Let me start this off by saying this could be a pie in the sky suggestion. I’m under no illusion that geek culture will go to great lengths to get something working, for minimal return. This may be that, but hear me out as it really is for a great number of Plex users with all skill levels of nerdyness.
The Problem: Proliferation of data necessitated proliferation of storage (vice versa?). The NAS appliance has become extremely popular in the past few years, and they’re great at what they were designed to do. Many NAS manufactures have taken it a step further, such as synology and created a fully working, viable and open operating system interface. We can load ‘apps’ and plugins to add functionality. Plex for NAS is one of these. Fantastic! But the first thing many less savvy users find out after loading up their expensive, but sorely under-powered appliance is, the thing is slow and gets bogged down easily. The processor power in any consumer NAS is not great for Plex. Streaming, sure, transcoding no.
The Solution: Distributed Computing
The entire premise of having a NAS dictates you probably have other computers in the local network. These other computers usually are real full fledged CPUs that sit idle for 90% of their life. What if a NAS/low power based Plex server could be directed to use the compute power of known local machines to transcode? This model could massively scale in the right environment. I think it would require some server side tweaks to be able to disconnect the transcode component and point it at an installed client component living on a single or multiple computers.
The Environment:
The Plex NAS server would have a new settings page to manage clients, and the network transcoding. I can think of several settings here that would be needed.
The plex ‘Client’ would be installed. (Probably could be rolled into any of the Plex players and have an on/off toggle.)
The client would touch the server and say I’m ready and have cpu cycles to burn. There could also be a benchmark component so the server could do intelligent distribution if there were more than one client connected. The benchmark would give a rating to the PC so it knew not to throw a 1080p transcode at it if it couldn’t handle it.

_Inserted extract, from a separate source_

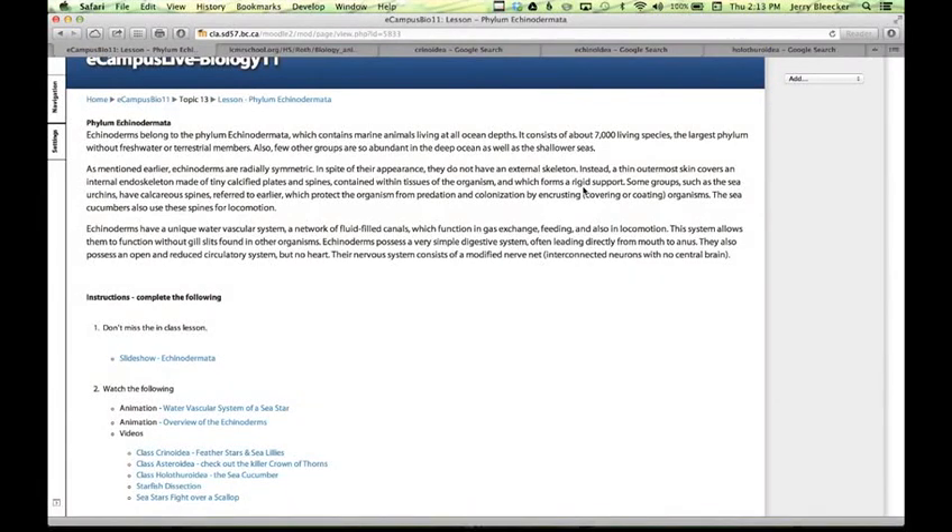Hey there, Biology 11. Mr. B here, filling in one of the final topics: Phylum Echinodermata. It's a fancy name, but what does it really mean? It means things like sand dollars and starfish. If you've ever been to an aquarium, you've seen these. If you go to the beach, check out the tidal pools — that's where you'll find these, notably in shallow water. You don't have to go too far out to find these little darlings.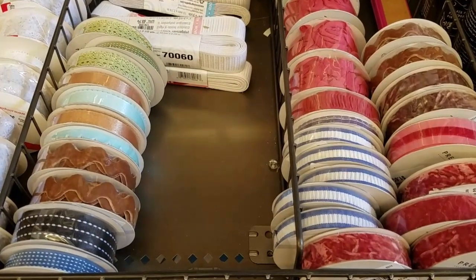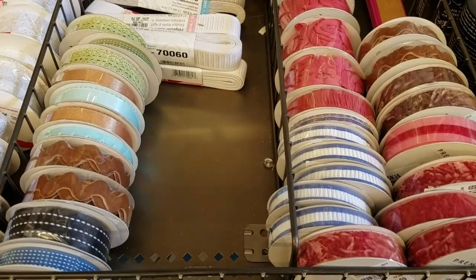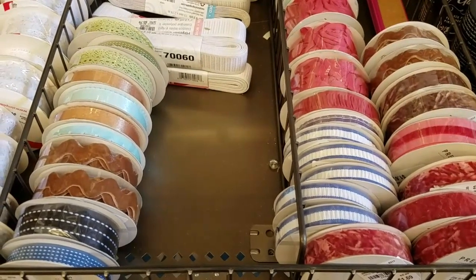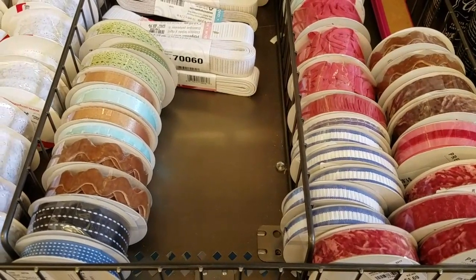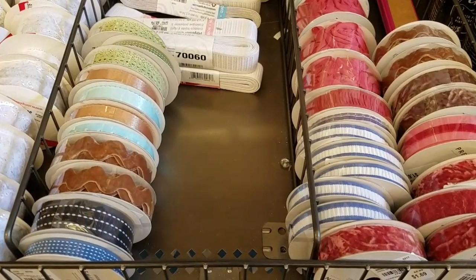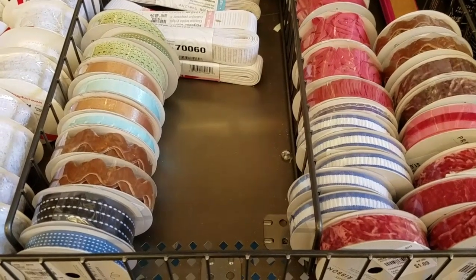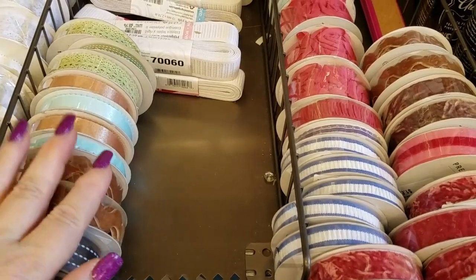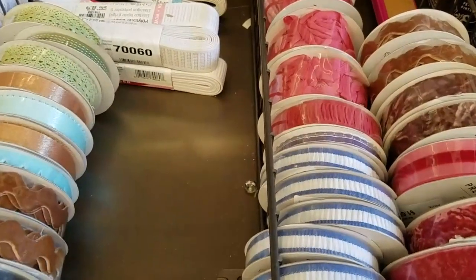Hi everybody, it's Ramona. I am at my local Tuesday Morning and wanted to shoot some of the ribbon that they just got in. I'm not seeing any other new products here except for the ribbon, so let's get started. They are absolutely beautiful. I think most of them are by American Crafts.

The client would receive instructions to encode \NAS\Media\Movies\X.mp4 file in y format. Then stream directly (or through the server??) to whatever player is asking for it. Essentially then the NAS would only be handling the file serving and streaming!

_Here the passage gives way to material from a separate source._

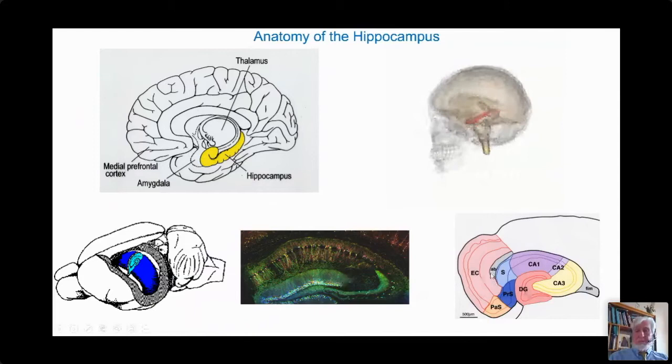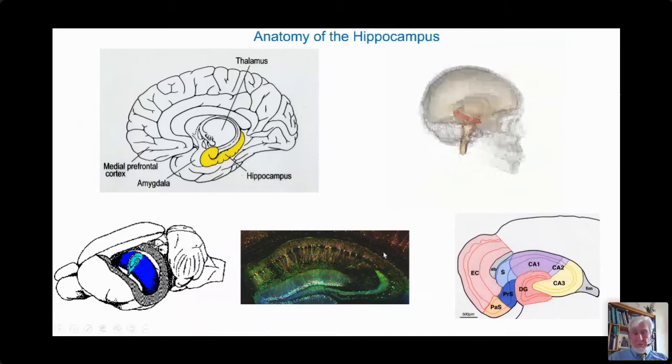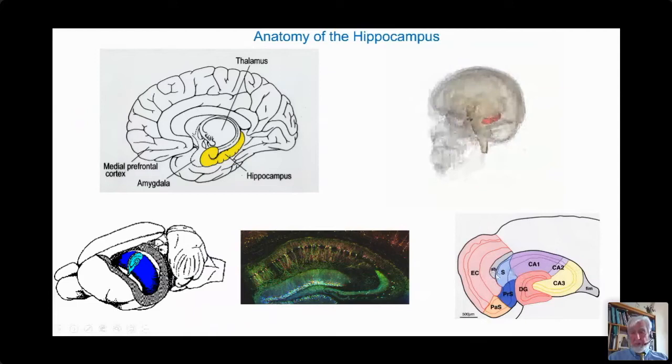We schematize the cross-section of the hippocampus and break it up into parts such as the CA1 fields, other CA fields, and ancillary parts equally important for navigation: the subiculum shown in the middle, and the entorhinal cortex, which the Mosers are justly famous for unraveling.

The end consumer would never know the difference. And the NAS wouldn’t have to struggle. And mom, grandma, dad wouldn’t be frustrated that this stupid thing that their son/daughter sold them ‘doesn’t work right’
It would also save tons of money in building a dedicated Plex server. I myself did this, building a Plex + Nas from a high end machine. It works great, but it was costly to put a high-end CPU in there, and still I have a ton of CPU cycles just sitting around on my network. With the distributed model, I could have just built a NAS from parts laying round and then the distributed Plex would use the various high-powered computers I’ve got to do the work.
Have it built by next week? Go! well ok, maybe not. But this would really be a killer feature. Not too difficult to get going either for a normal person. Some good guides/walk-through in the setup process would go a long way in making this a viable solution for many Plex + Nas/ARM/Low power devices. Perhaps a long term feature goal?
My inspiration for this: This morning I was able to get Plex up and running on my Router! sweet! but it can’t do much but serve up streams.